An f-stop is a relative aperture, and the 'relative' part takes the focal length of the lens into account - so f/2.8 on a 28 mm lens results in effectively the same illumination at the centre of the film plane as f/2.8 on a 280 mm lens, apart from any difference caused by transmission losses in the lens.
The transmission aperture (T-stop or T-number) takes the losses in the lens into account: reflections at air-glass surfaces mostly. The T-number is the f-number of a lens with 100% transmittance that would give the same on-axis illumination for an object at infinity. The difference between the f-number and T-number is nothing to do with the focal length of the lens, it is more to do with the number of elements in the lens and the efficiency of the coating etc. Most modern lenses have something between a quarter and a half a stop difference between the f-number and the T-number, which is pretty insignificant. Older lenses, especially zoom lenses with many elements, may have up to a stop difference.

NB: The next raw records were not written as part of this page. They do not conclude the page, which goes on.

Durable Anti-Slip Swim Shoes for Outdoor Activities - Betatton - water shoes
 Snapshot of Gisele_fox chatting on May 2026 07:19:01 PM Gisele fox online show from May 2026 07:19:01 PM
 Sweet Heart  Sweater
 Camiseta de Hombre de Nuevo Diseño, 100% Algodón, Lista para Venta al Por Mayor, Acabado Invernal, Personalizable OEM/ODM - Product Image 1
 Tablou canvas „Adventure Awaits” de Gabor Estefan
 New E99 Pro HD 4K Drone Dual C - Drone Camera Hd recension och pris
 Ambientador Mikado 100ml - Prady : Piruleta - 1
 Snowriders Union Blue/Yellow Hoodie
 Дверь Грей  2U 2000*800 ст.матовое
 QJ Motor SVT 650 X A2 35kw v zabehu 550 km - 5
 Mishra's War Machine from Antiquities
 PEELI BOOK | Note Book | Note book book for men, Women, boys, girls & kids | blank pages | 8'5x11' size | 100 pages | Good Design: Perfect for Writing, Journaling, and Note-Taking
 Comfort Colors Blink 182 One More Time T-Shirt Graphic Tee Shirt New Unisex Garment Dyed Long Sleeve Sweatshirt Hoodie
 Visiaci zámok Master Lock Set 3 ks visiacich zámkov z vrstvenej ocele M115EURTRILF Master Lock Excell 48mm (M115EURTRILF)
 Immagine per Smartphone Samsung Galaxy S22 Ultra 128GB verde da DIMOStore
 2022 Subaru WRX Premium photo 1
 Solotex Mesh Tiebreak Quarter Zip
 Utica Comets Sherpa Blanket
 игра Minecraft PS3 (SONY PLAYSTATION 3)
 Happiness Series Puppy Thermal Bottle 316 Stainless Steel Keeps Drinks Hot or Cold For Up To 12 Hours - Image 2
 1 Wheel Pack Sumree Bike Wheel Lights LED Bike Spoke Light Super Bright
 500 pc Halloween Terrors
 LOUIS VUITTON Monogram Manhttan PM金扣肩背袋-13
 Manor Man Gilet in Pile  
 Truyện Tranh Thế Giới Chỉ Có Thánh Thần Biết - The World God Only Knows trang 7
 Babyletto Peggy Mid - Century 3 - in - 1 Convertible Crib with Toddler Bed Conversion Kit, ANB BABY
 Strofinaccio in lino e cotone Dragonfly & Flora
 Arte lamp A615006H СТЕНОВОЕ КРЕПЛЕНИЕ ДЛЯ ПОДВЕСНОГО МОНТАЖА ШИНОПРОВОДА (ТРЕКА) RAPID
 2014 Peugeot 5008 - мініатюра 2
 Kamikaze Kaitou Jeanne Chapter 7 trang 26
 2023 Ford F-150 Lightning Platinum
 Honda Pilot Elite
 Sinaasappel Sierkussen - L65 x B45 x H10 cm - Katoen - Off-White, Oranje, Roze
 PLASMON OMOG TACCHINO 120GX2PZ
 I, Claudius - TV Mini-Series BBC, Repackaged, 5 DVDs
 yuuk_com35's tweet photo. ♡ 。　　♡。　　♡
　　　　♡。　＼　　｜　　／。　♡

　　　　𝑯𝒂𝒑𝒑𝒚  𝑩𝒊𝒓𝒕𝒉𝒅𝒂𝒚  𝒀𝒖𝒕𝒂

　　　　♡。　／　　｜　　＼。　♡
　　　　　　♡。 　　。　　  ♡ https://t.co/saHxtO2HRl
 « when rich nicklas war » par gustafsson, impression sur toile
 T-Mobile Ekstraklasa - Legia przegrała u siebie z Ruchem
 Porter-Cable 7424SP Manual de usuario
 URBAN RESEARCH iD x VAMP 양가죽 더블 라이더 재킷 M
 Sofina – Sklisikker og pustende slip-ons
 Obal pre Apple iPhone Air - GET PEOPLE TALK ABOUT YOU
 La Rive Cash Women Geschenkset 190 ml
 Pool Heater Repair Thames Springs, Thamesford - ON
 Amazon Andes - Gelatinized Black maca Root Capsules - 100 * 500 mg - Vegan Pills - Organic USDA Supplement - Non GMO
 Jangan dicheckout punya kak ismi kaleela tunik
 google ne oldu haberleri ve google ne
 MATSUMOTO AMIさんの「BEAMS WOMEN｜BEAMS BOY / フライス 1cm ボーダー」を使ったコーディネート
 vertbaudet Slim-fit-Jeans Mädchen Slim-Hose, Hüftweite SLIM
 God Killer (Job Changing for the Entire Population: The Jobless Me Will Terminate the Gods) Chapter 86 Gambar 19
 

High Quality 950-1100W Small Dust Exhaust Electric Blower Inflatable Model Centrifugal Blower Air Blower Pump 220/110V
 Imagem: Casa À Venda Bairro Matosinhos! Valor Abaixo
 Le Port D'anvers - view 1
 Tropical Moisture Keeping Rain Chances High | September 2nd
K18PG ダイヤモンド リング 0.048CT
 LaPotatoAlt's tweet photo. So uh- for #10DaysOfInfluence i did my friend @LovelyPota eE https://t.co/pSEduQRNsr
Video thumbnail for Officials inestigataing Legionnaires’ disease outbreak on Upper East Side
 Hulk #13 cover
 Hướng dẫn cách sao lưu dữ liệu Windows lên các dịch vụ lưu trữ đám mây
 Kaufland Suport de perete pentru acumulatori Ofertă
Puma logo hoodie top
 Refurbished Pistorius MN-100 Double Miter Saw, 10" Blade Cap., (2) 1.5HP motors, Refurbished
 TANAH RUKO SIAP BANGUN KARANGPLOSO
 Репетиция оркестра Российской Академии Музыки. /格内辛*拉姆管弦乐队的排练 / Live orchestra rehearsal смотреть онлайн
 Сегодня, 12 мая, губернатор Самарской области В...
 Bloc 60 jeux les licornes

As an aside, f-numbers are used for focus calculations, whether or not T-numbers are used for exposure, because f-numbers are geometrical.
The effect of an adapter (converter) depends on the adapter, and where it is. A wide angle adapter is almost always in front of the lens (Tele adapters can go behind or in front of the lens). The f-number of the lens is the focal length divided by the diameter of the entrance pupil (the image of the lens iris when seen from in front of the lens). When you put a converter in front of the lens both the focal length and the diameter of the entrance pupil change, and they pretty much change in proportion (this is a simplified version of the whole story, maybe this thread will evolve into something more rigorous). This means that the f-number doesn't change significantly (this is an advantage of teleconverters that go in front of the lens - the downside is that they have to be physically large enough to maintain the new size of the entrance pupil). The important concept is that the f-number is not calculated from the physical diameter of the iris, but the apparent diameter*, and the apparent diameter can change.
When you put a converter behind the lens things are different. The focal length changes, but the diameter of the entrance pupil doesn't. Therefore the apertures marked on the lens are no longer correct, so they need to be offset. Once again, this isn't the full story because the exit pupil diameter has changed, and that has some bearing on the issue.
I'll just reiterate that this isn't a rigorous explanation, but I hope that it is OK to begin with, especially in conjunction with the other good replies you will get here.
Best,
Helen
*There is a special case where the iris is in front of the lens elements. In this case the entrance pupil and the iris are the same.